How did you measure the changes to the Pot? Because you can always go lower. If you went the wrong way though you just went higher.


#6

Also you could try a small heat sink.
Like http://www.dipmicro.com/store/HSINK220D


#7

what is the model # of the NEMA 17’s?


#8

in the original message I gave the specs for both motors. neither is nema17.

Currently trying DM320T drivers, which let me limit the total amp throughput. I will also be adding the DC-DC converter to get 12v down to ~6v, as the motors demand.


#9

Well you didn’t mention the 12V. There’s your problem.


#10

It wasn’t a problem before. For example, I run these

at 12v in the same robot and they don’t get hot, but the rated voltage is 3v.


#11

Running them overspec is obviously going to generate more heat; but as far as why the 23s are within reason vs the 17’s not…

You are likely dumping the same amount of power into a much smaller volume and a lot less surface area to dissipate heat. Is there a good reason you are running them overspeced; do they not produce enough torque?

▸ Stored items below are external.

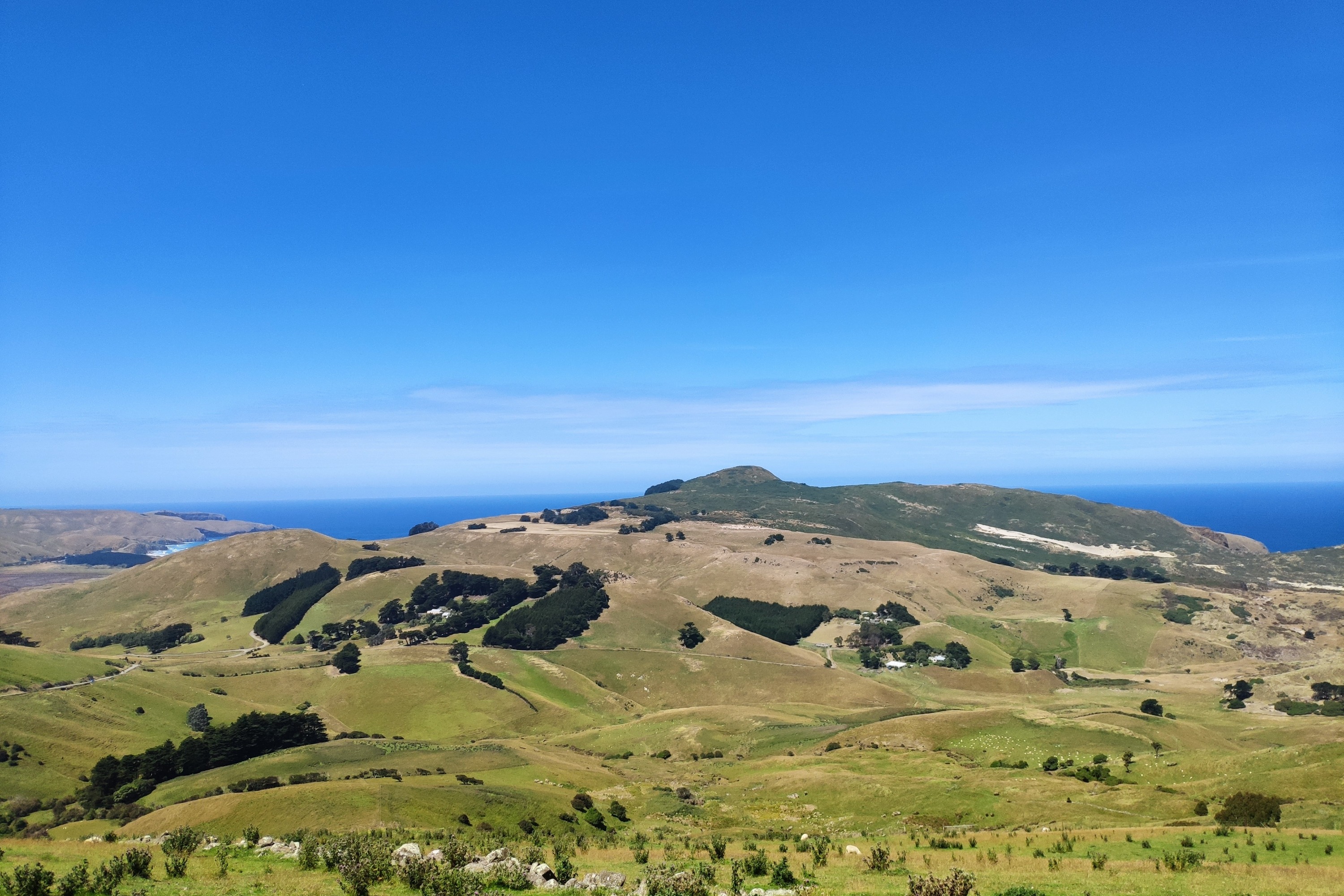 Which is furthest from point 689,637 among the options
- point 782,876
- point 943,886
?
point 943,886

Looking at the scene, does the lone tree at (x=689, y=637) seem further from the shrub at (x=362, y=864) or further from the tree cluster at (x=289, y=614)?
the shrub at (x=362, y=864)

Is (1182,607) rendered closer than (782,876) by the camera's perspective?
No

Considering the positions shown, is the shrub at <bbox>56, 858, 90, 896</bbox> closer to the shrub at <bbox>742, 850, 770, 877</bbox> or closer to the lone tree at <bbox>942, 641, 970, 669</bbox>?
the shrub at <bbox>742, 850, 770, 877</bbox>

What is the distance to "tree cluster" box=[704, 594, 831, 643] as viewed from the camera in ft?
557

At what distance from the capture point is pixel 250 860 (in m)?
28.1

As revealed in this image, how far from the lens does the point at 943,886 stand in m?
18.5

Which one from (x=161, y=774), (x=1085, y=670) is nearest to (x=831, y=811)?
(x=161, y=774)

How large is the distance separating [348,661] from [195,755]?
47.4 meters

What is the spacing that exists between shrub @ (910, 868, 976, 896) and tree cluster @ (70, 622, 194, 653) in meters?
179

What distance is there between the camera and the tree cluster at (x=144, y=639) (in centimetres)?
15488

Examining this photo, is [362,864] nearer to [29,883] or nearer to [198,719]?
[29,883]

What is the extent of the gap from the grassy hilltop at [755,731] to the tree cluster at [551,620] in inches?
144

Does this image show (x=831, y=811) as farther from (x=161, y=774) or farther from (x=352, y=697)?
A: (x=352, y=697)

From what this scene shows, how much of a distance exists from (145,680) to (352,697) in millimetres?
27403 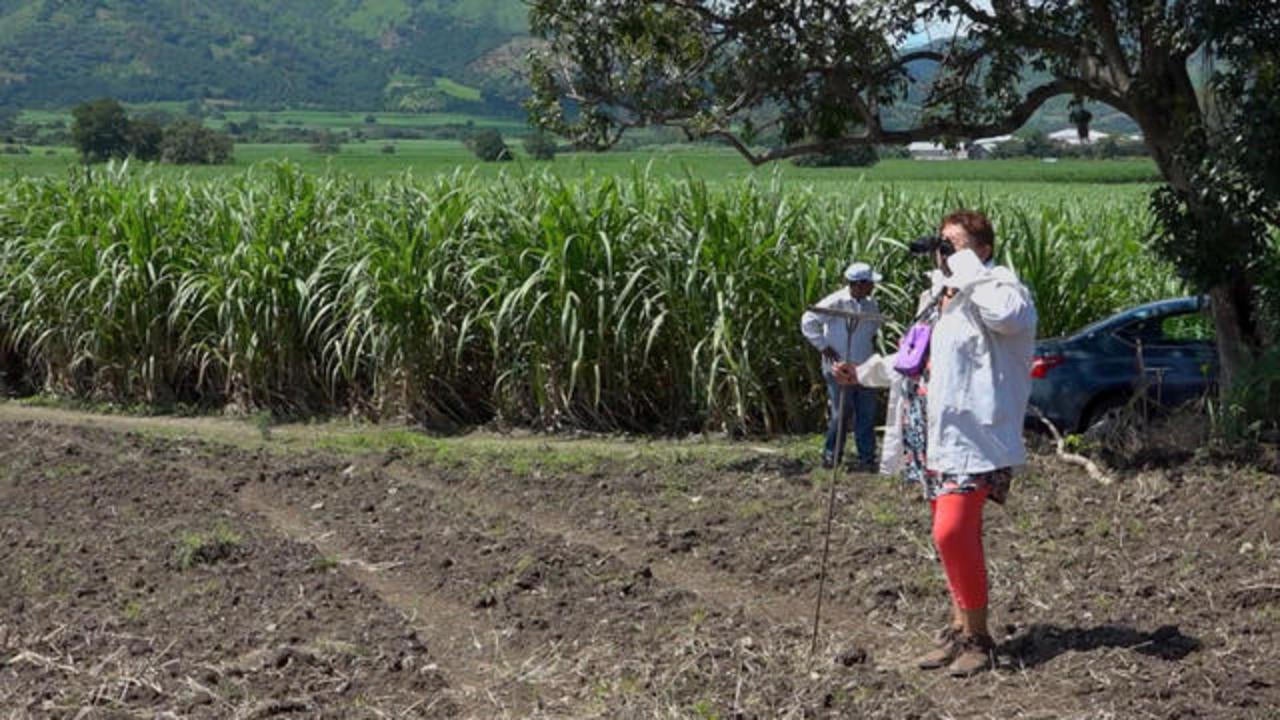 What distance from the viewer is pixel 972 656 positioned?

You said you ran 23’s in the same robot, but the robot seems to be form-fitting do your nema17’s, does that mean they ran outside of the containers and stuck out the sides? If so that would provide more area to cool. Even if not, it still has more surface area to cool. Each side has ~54% of the surface area on the nema 17, assuming the same depth of motor.

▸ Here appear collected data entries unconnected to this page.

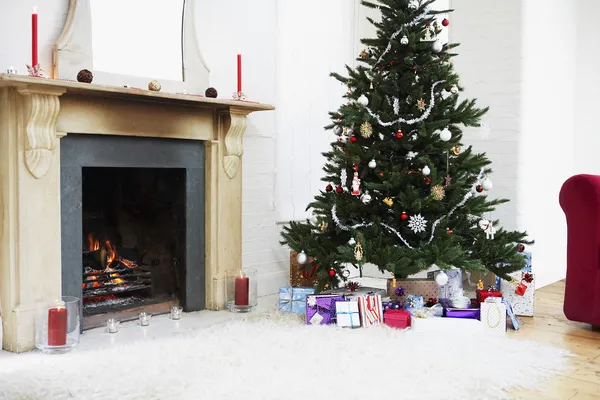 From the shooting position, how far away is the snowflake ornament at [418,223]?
3.30 metres

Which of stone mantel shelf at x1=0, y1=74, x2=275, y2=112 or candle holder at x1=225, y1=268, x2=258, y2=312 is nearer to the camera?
stone mantel shelf at x1=0, y1=74, x2=275, y2=112

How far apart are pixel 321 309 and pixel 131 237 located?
1.08 m

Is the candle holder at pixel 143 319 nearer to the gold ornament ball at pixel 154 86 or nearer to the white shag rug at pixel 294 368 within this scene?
the white shag rug at pixel 294 368

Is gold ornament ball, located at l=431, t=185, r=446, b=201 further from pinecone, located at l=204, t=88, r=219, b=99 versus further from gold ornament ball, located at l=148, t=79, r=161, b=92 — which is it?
gold ornament ball, located at l=148, t=79, r=161, b=92

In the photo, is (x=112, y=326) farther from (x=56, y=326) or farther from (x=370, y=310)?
(x=370, y=310)

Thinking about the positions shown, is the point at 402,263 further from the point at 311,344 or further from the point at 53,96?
the point at 53,96

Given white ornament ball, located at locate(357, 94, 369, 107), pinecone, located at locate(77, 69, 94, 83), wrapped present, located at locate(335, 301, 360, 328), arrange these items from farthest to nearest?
1. white ornament ball, located at locate(357, 94, 369, 107)
2. wrapped present, located at locate(335, 301, 360, 328)
3. pinecone, located at locate(77, 69, 94, 83)

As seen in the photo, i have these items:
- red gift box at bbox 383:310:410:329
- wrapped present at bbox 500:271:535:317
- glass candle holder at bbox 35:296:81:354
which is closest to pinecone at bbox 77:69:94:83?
glass candle holder at bbox 35:296:81:354

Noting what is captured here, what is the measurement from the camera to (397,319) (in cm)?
315

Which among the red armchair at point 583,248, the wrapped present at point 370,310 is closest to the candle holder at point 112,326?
the wrapped present at point 370,310

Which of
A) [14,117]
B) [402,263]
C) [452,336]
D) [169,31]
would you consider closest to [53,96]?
[14,117]

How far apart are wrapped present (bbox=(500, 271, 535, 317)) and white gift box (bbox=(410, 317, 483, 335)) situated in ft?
1.75

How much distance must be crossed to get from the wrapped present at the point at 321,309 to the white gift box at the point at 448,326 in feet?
1.29

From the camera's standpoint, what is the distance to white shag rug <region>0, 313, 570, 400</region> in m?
2.22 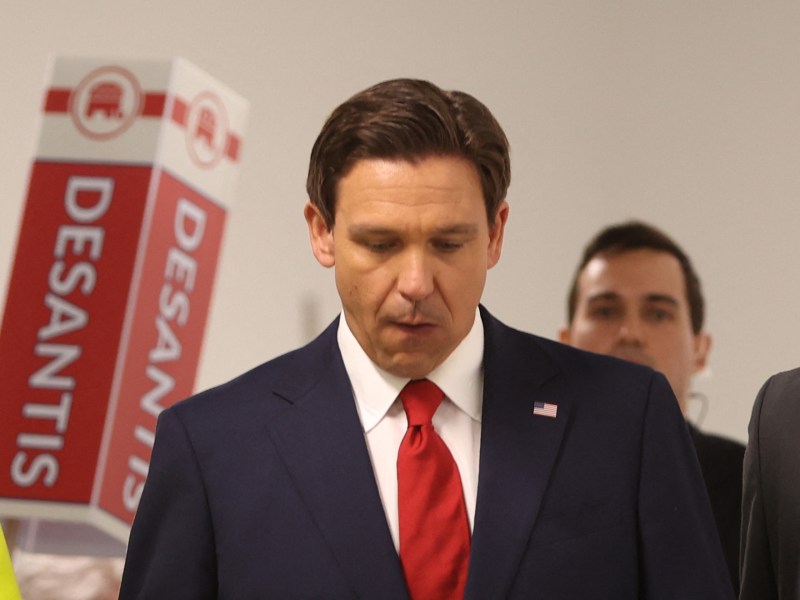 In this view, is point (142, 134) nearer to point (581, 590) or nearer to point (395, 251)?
point (395, 251)

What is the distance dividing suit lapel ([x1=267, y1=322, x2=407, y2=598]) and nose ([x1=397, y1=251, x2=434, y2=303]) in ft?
0.62

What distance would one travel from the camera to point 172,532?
1.72 m

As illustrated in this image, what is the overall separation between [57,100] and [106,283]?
389mm

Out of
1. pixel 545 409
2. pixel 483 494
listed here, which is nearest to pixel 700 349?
pixel 545 409

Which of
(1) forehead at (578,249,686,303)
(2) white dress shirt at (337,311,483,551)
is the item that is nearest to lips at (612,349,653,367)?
(1) forehead at (578,249,686,303)

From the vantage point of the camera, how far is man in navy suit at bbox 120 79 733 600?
1.65 metres

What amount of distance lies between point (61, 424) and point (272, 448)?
1.09 meters

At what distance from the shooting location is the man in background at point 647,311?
303 centimetres

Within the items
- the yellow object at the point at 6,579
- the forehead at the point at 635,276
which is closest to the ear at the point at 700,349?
the forehead at the point at 635,276

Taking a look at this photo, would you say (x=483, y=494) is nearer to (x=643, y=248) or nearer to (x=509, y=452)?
(x=509, y=452)

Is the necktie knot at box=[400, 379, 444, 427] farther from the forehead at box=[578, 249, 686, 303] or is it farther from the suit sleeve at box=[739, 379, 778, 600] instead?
the forehead at box=[578, 249, 686, 303]

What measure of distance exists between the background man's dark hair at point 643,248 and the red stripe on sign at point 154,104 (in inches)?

If you absolutely need to run these in this configuration and can’t fit aircooling, you might want to consider coolant lines; though I imagine that increases the complexity of your model significantly and increases the BOM.

Really all I can contribute based on your statements is that you have FAR less surface area for similar power drain.


#12

Continuing adventures… somehow I killed one output channel on this sainsmart driver. So I guess at VHS tonight I’ll be decyphering how to run a DM320T, which doesn’t work as easily as I’d hope.

My arm’s motors are now:

I’m looking for a solution to power all of these and the drivers and the RUMBA (5v logic). 7 separate power supplies seems like overengineering…no? What say you?


#13

If you want my honest opinion, seems like under-engineering :wink:

Is there a reason you are running so many different voltages to your motors? is this to-spec or just what you’ve found works given you were over-driving them earlier?


#14

Sorry; just realizing those were links. not sure on all the voltages, is there a reason you chose those motors?

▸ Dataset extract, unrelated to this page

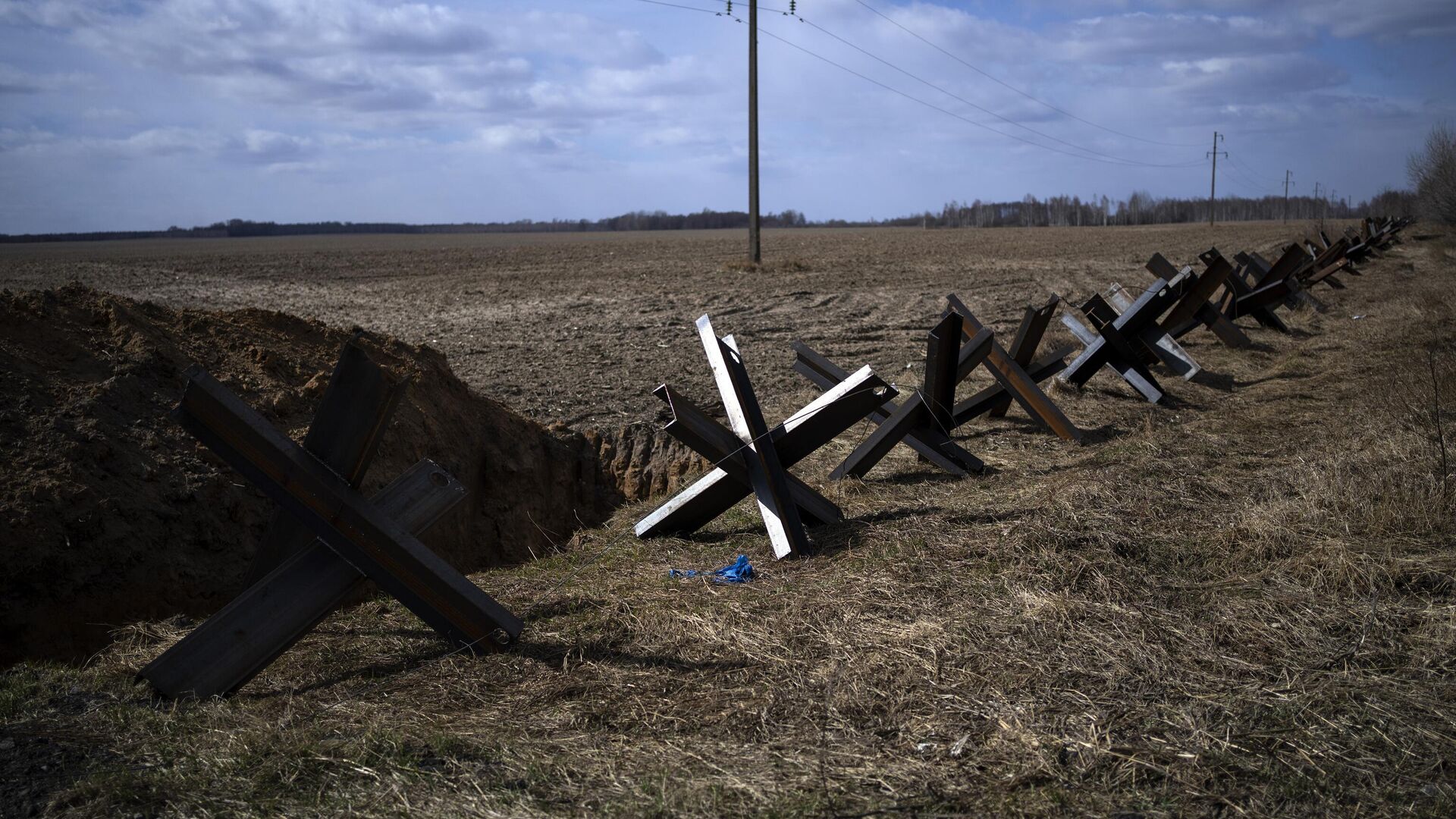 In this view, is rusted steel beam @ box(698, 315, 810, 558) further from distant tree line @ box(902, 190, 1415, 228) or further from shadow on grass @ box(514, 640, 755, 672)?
distant tree line @ box(902, 190, 1415, 228)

Is that why you were overdriving some earlier to run them all on one set of rails?


#15

Those are the rated voltages on each motor’s page. I can run the nema23 and nema17s at 12v and they barely warm up. The 14 and the 08 are the problem.

I have some LM2596 DC-DC voltage adjusters w/o heatsinks. says it can handle 2a max each. I wonder if I can use one for each of the smaller motors, down to 6v.


#16

I’m amazed at the voltage disparity; yeah; dc to dc seem reasonable. At least for the 14 and 8 there seems to be plenty of headroom.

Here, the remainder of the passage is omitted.